» EXERCISE AIM: Repeat nothing but the line that contains "Used 2023 Volvo" and the lines after it, through the end of the listing, exactly as they stand; omit pictures.

» DATA SHOWN:
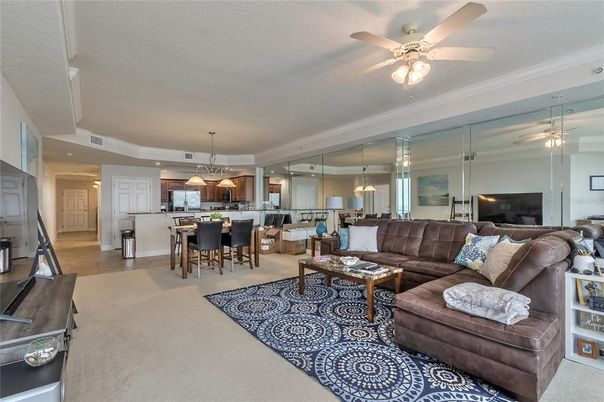 Dining room, Interior, Kitchen, Living room, Pendant Lights, Recessed Lighting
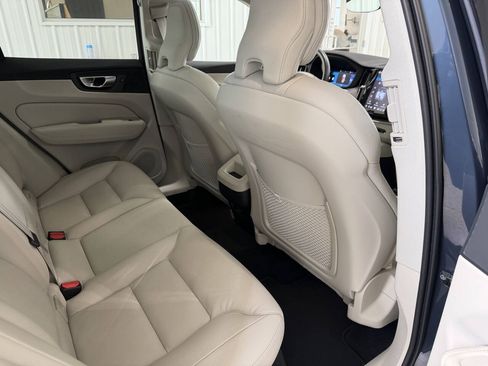 Used 2023 Volvo XC60 B5 Plus w/ Climate Package AWD/4WD image 24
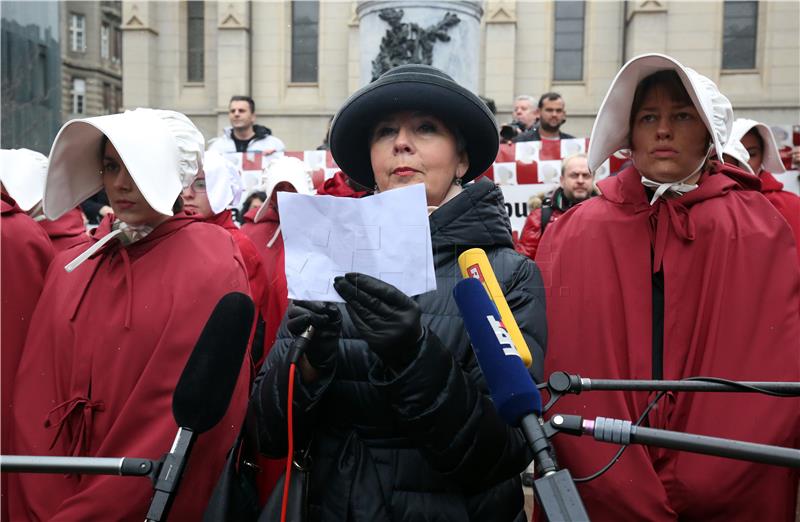  Prosvjed "Sluškinje ustaju za ratifikaciju Istanbulske konvencije"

» ANSWER SECTION:
 Used 2023 Volvo XC60 B5 Plus w/ Climate Package AWD/4WD image 24
  Prosvjed "Sluškinje ustaju za ratifikaciju Istanbulske konvencije"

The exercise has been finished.